KHH: My routine is shaped by the routine of my daughter. When she was a baby I worked during naps. Now that she’s three and in preschool I go on the coffee shop circuit. I alternate between three different shops and work for about an hour, an hour and a half, which translates into three pages. I like getting out into my neighborhood and seeing familiar faces before going home and becoming a shut-in. Then I write a little more, check email, have lunch, work out, read, and feel guilty that my husband’s in an office all day, slaving away. Sometimes my schedule makes me feel like a trophy wife, but unless I’m finishing up a project, there’s no way I can write all day.

But in a way I am writing all day. Reading other people’s novels is my work. Exercising is when I usually get all of my ideas (Watching TV as well). At lunch I do the crosswords so I’m working my brain, and any outing I take or interaction I make has potential for material. Never mind–I don’t feel guilty. I’m always on the clock.

RHRC: What other authors inspire you and influence your work? Is there anyone you would say is absolutely pivotal in terms of how you’ve developed your career?

KHH: There are many authors I admire: Tobias Wolff, Peter Cameron, William Maxwell. Actually, there are many books I love. It’s rare that I love an author’s entire body of work with the exception of the aforementioned. I loved Lolita, East of Eden, The Secret History, The Ice Storm, Cracks by Sheila Kohler. I don’t think I’m conscious of how other writers influence my work. I do know that whatever I’m reading manages to seep into whatever I’m writing. I’m responding in some way, mimicking, or perhaps something one writer said reminds me of something I’ve wanted to say. It’s a great thing, because in a way you’re engaging in this strange, silent conversation.

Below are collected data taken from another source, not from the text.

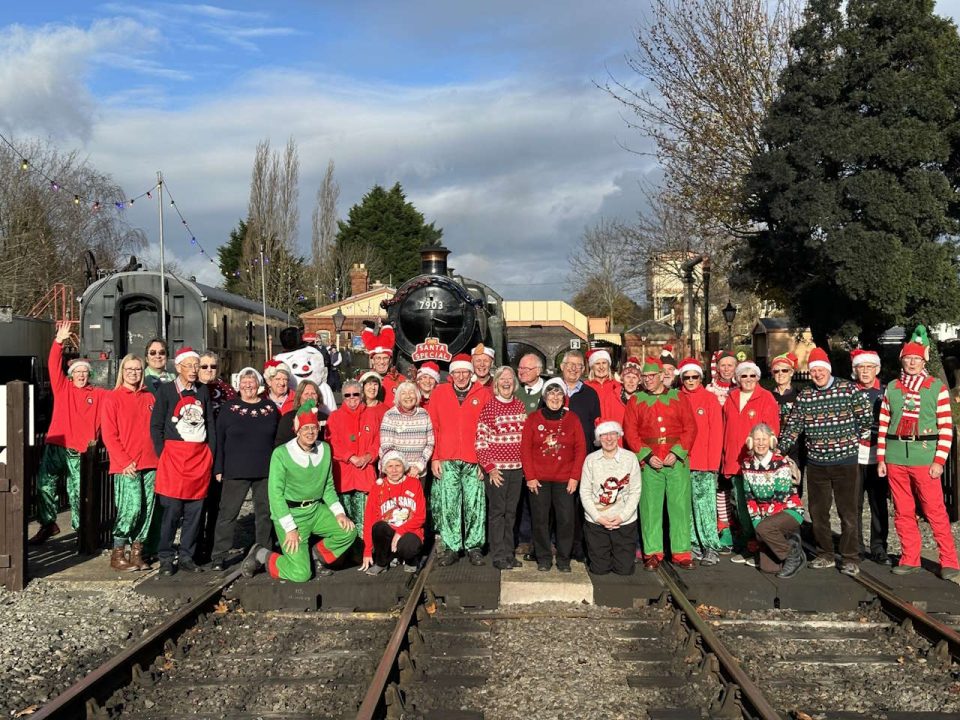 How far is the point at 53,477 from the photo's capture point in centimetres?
946

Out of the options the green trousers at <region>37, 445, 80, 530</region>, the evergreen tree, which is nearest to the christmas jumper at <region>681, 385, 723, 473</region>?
the green trousers at <region>37, 445, 80, 530</region>

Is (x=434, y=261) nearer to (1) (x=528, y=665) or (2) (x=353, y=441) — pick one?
(2) (x=353, y=441)

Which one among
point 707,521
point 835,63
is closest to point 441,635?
point 707,521

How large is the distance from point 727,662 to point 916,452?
3.09m

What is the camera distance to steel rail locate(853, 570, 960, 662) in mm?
6035

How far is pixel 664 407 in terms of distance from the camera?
7.90 meters

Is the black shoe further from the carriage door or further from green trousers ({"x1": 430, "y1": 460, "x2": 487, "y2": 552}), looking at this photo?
the carriage door

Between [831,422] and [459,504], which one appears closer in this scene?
[831,422]

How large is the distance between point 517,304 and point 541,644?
160ft

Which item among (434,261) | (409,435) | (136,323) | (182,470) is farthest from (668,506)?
(136,323)

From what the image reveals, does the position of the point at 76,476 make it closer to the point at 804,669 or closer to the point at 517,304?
the point at 804,669

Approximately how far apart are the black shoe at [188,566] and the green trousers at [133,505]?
0.53 metres

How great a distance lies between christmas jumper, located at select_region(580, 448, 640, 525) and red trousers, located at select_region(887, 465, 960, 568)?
2.11 m

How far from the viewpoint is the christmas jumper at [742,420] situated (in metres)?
8.20
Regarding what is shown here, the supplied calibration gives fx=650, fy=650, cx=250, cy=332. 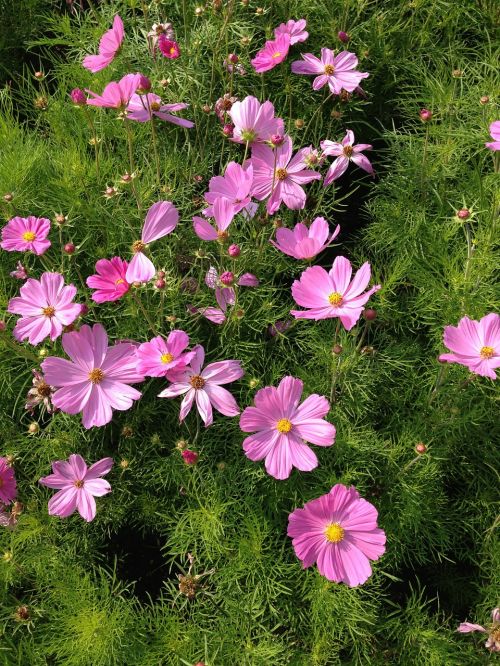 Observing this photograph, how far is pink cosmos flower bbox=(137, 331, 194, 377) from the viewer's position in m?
0.97

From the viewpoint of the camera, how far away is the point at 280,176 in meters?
1.23

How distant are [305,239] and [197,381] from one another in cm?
29

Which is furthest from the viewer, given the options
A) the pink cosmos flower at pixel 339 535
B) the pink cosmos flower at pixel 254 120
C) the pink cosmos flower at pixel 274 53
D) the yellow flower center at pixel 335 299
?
the pink cosmos flower at pixel 274 53

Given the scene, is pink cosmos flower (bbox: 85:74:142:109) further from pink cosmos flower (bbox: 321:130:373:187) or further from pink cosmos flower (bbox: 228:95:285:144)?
pink cosmos flower (bbox: 321:130:373:187)

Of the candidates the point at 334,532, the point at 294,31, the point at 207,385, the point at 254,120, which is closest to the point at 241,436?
the point at 207,385

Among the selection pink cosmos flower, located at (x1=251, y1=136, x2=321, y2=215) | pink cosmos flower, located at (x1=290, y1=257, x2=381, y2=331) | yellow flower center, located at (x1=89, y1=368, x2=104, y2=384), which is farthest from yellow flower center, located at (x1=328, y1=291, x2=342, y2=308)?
yellow flower center, located at (x1=89, y1=368, x2=104, y2=384)

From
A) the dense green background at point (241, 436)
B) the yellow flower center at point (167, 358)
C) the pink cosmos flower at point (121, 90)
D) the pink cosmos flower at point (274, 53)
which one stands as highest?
the pink cosmos flower at point (121, 90)

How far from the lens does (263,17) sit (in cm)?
164

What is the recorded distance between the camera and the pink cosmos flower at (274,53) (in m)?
1.33

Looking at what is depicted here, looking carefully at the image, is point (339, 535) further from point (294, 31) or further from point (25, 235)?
point (294, 31)

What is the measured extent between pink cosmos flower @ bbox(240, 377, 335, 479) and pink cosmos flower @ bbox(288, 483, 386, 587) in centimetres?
7

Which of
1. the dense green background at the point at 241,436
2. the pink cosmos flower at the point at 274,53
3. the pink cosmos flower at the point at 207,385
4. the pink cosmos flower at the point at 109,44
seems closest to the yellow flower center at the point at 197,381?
the pink cosmos flower at the point at 207,385

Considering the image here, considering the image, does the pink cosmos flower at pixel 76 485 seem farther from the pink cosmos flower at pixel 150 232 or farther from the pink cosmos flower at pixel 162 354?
the pink cosmos flower at pixel 150 232

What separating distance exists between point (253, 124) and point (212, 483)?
65 centimetres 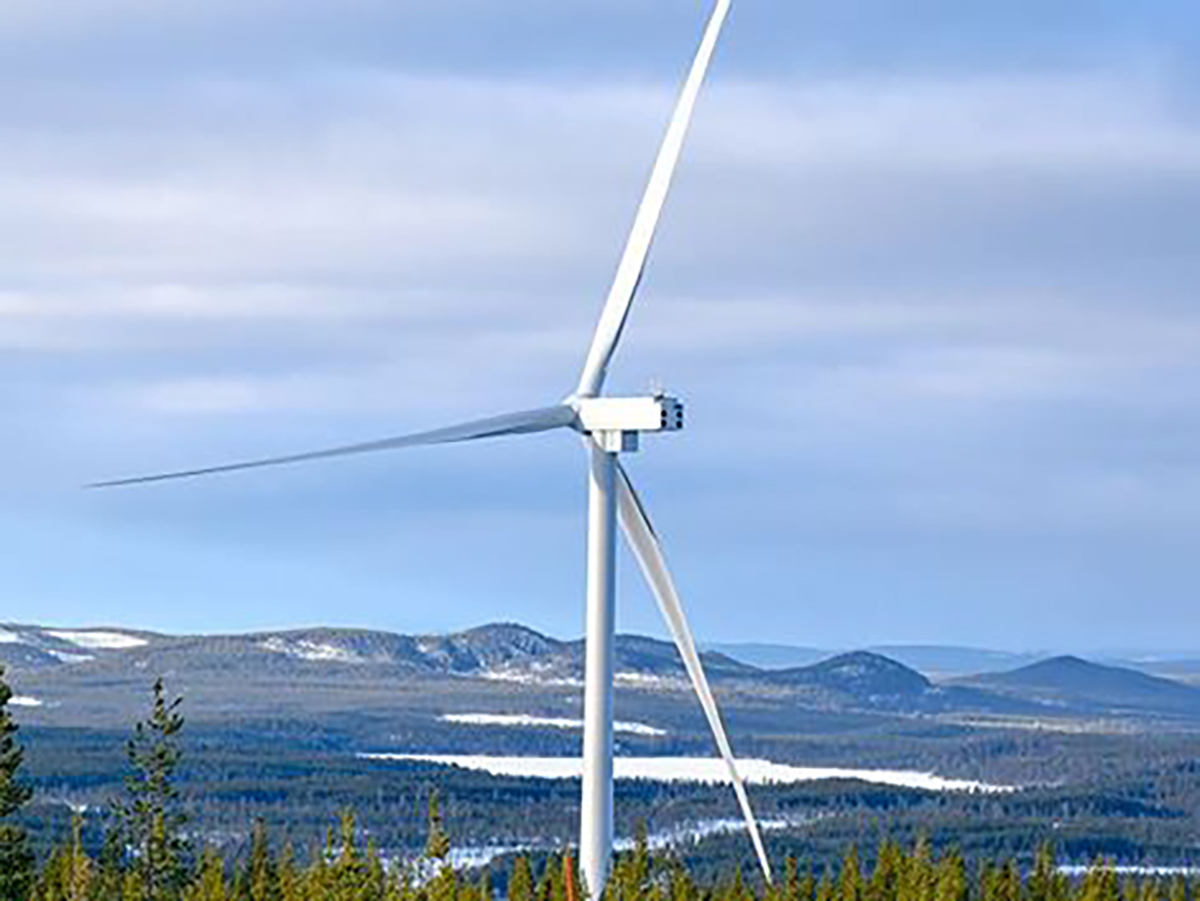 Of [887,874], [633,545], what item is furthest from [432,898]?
[887,874]

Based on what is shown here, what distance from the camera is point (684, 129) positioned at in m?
89.3

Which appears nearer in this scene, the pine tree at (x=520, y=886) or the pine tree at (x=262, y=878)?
the pine tree at (x=262, y=878)

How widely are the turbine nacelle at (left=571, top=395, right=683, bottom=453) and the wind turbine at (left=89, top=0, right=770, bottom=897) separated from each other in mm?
28

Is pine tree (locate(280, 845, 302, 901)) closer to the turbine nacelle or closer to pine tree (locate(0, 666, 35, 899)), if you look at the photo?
pine tree (locate(0, 666, 35, 899))

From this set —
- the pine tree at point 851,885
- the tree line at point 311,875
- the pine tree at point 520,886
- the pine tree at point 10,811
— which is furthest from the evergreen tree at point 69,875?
Result: the pine tree at point 851,885

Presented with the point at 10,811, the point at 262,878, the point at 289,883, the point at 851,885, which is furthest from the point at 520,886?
the point at 10,811

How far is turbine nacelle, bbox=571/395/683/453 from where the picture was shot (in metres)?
86.9

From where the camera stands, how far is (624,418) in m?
87.7

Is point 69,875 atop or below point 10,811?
below

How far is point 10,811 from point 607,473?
2224cm

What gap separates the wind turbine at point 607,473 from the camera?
281 feet

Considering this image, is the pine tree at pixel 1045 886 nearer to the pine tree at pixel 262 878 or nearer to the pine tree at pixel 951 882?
the pine tree at pixel 951 882

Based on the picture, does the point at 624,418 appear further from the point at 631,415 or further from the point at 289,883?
the point at 289,883

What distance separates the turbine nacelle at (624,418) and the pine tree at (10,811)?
19.1 metres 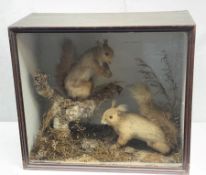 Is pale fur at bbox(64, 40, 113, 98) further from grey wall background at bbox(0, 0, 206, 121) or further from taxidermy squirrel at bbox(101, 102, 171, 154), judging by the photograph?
grey wall background at bbox(0, 0, 206, 121)

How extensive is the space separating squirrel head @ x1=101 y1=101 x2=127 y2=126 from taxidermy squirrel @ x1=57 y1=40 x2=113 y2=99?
0.20 ft

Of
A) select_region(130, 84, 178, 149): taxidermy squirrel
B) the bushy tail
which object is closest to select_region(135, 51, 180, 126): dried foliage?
select_region(130, 84, 178, 149): taxidermy squirrel

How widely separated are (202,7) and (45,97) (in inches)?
19.0

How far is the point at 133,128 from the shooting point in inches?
36.2

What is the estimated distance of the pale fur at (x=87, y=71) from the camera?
924 mm

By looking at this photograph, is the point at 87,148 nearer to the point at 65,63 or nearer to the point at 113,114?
the point at 113,114

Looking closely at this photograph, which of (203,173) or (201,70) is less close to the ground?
(201,70)

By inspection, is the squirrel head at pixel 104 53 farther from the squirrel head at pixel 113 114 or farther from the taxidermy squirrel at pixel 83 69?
the squirrel head at pixel 113 114

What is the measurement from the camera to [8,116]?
4.20 feet

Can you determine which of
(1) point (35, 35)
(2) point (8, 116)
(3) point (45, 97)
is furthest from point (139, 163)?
(2) point (8, 116)

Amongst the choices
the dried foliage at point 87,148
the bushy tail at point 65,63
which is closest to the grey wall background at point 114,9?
the bushy tail at point 65,63

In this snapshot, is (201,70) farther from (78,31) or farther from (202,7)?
(78,31)

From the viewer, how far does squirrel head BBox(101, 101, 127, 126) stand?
3.06ft

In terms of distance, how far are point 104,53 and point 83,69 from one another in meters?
0.06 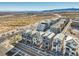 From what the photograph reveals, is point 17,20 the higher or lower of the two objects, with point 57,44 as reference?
higher

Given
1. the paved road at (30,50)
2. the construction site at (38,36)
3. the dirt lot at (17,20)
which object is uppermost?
the dirt lot at (17,20)

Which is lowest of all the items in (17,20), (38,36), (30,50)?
(30,50)

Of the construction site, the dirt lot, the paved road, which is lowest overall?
the paved road

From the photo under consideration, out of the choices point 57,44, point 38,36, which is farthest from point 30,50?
point 57,44

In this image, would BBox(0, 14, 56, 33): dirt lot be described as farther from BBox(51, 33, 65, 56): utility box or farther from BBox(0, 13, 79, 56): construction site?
BBox(51, 33, 65, 56): utility box

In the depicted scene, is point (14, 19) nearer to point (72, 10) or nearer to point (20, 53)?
point (20, 53)

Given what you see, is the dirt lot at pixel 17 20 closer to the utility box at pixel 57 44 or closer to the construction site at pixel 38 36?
the construction site at pixel 38 36

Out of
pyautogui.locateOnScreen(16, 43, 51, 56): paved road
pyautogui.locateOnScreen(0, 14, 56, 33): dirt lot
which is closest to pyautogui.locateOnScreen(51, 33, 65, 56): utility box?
pyautogui.locateOnScreen(16, 43, 51, 56): paved road

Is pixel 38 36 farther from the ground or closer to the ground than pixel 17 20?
closer to the ground

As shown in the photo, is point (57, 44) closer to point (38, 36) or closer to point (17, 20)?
point (38, 36)

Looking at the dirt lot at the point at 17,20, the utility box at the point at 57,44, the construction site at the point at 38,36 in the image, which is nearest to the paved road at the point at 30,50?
the construction site at the point at 38,36

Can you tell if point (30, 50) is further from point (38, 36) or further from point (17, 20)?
point (17, 20)

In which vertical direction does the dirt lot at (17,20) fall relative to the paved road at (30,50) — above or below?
above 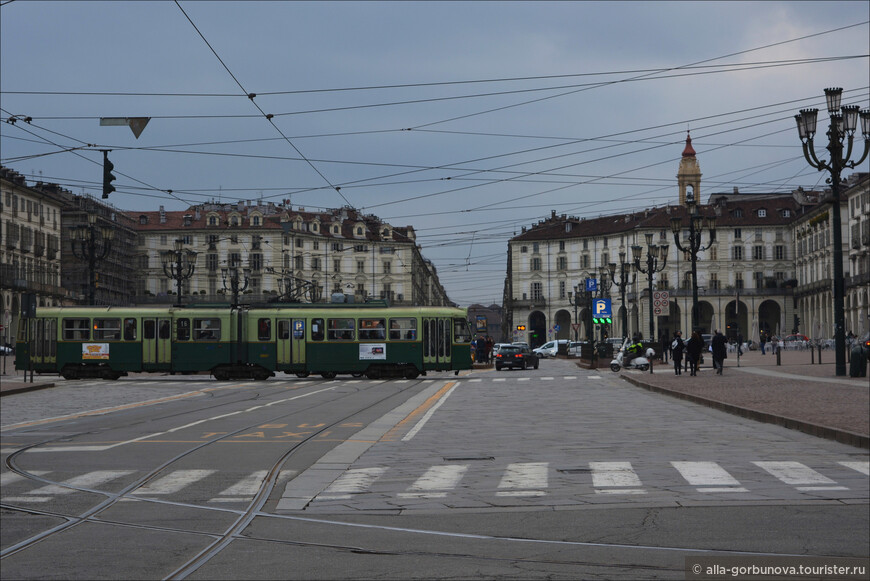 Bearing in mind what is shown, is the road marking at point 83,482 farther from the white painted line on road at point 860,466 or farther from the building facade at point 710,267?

RHRC: What are you working on next?

KHH: I’m working on a novel about raising a baby in San Francisco. It has been fun to write a story where the characters’ lives have more in common with my own life than anything I’ve done before in my fiction.
I’m double-fisting and am also working on a novel set in an affluent resort town in Colorado, this time channeling the voice of a middle-aged woman. This one is also funny, yet tragic. I can’t help it. I have a feeling I will always write about the painfully funny struggles of people in Edenic settings. I also have started another novel, though I’ve put it aside for now. I have a queue of projects, sort of like an idea Netflix. Ideaflix. I want to get rid of one so I can see what’s next.


The other day I met a man who is involved in a highly publicized lawsuit. He made me think of my character, Matt King. This man is who Matt would be in fifteen years, conflict included. And now, of course, it’s all I’m thinking about. The Descendants started as a short story. I couldn’t let it go and it became a novel. Now I might not be able to let these characters rest. Sequel, perhaps?